Is Superflat considered high culture in Japan?

Japan doesn't have high culture since World War II. Everything is the same class. That's why I come to U.S. I'd like to learn what is contemporary art and find some presentation way. It mean the artist have to find out identity. The presentation for Japanese--it is, I said, fine art, but Japanese people are thinking no, it is subculture. They cannot believe it is fine art.

It sounds like what happened the first time people saw Andy Warhol's work.

The U.S. and New York are really a different culture for me. I can understand when I read a book, but I'm Japanese, it doesn't fit exact reality. I thought, I can use that situation to ask what is fine art? That's why I present in bilingual book, because I have to present for Japanese people too. But it is not just positive reaction. Many people thinking, it is kind of fake. Murakami made a trick in Japan. And then I transport Superflat to U.S. and am asking this Western art audience, how do you think? Is it fine art or subculture thing? The reaction is really different in the U.S. mostly, it looks like freaking art! It's exciting! Not underground or subculture thing.

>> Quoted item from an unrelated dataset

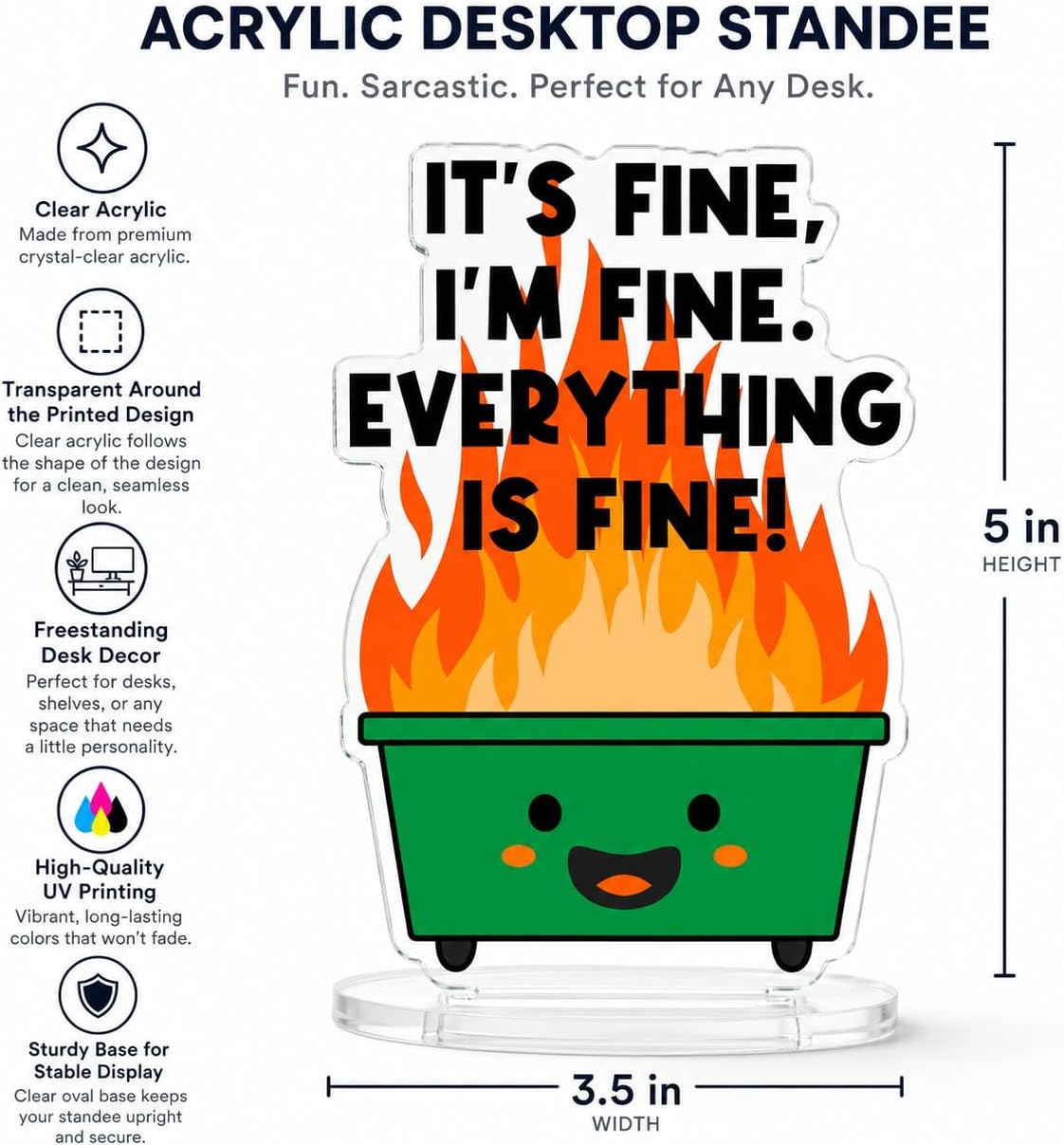 Funny Office Desk Decor for Home Work, Everything Is Fine image 2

I think we learned that with Warhol and Roy Lichtenstein. We're less surprised when we see cartoon images in museums.

Yes, yes. They're already understanding the cartoon situation... back to Hokusai. Hokusai said his art was fake art. That's why he said he was manga artist. Using the sense of manga that means opposite of honga, means true picture. Manga is comic picture. The U.S. people see Japanese contemporary manga is a really specific culture. And here people understand Japanese fine art now.

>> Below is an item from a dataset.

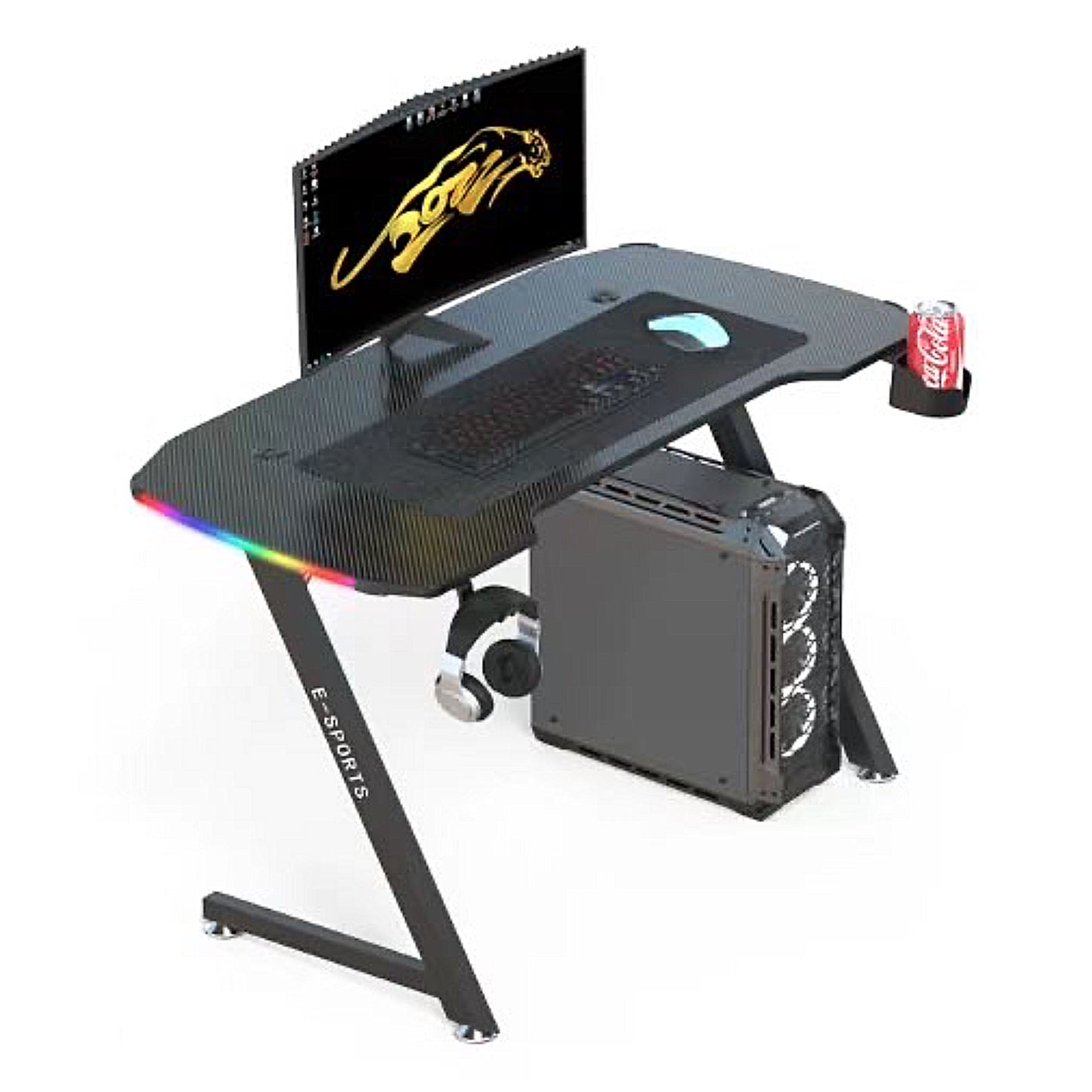 KZ 140CM RGB Gaming Desk With Cup Holder and Headset Holder - Black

Nakahashi's Zero Fighter piece is very historical, and the other art is sexy and funny and more shallow. I wonder if you thought about content when you curated this show, or just form?

(Murakami converses with translator, who speaks for him.)

Translator: After the war was over, the economy of Japan was a shambles. A terribly large black market was created where a combination of drugs and illegal products were being sold. For the exhibition here, with a combination of manga and pornographic manga and various things mixed together, this is sort of an extension of that post-war Japan black market.

Murakami: Nakahashi technique come from British artist David Hockney. He took the photos of the plastic model. Plastic model culture is really popular in Japan too. He took over 20,000 shots of one piece Zero Fighter, a symbol of World War II. This sculpture is not complete, it is really looks weak or something.


Yes, floppy. His piece, just in my opinion, it is really symbolic of Japanese impotence culture. We are proud for the Zero Fighter, but it is impotent. It is nothing to do. And then the pornographic manga is really connected to this because it is based on the Lolita complex. That's why link with impotence, not linked with exactly sex. It is link with a fantasy of sexuality. That's why the Japanese guy love the Lolita images. She's pornographic but metamorphosis, with the really big breasts, it is warm, kind of melting.

Are people in the U.S. uncomfortable because other people paint your work? Because it hasn't been "touched" by the artist?

I understand people is uncomfortable, but if I paint myself, I cannot touch other projects. It is no time. My way is to establish Walt Disney style. I believe Walt Disney is a super artist. This fall a new Disney is opened in Tokyo, it is incredible. I don't know if it is industry, it is a business. Japanese people understand. I think it is true art. Some people say he is artist or not. I think much more than Marcel Duchamp is Walt Disney concept piece, really hardcore. Because he can get what people desire. And then I read he was alcoholic, and he got his ideas when he drank. It is really artist style!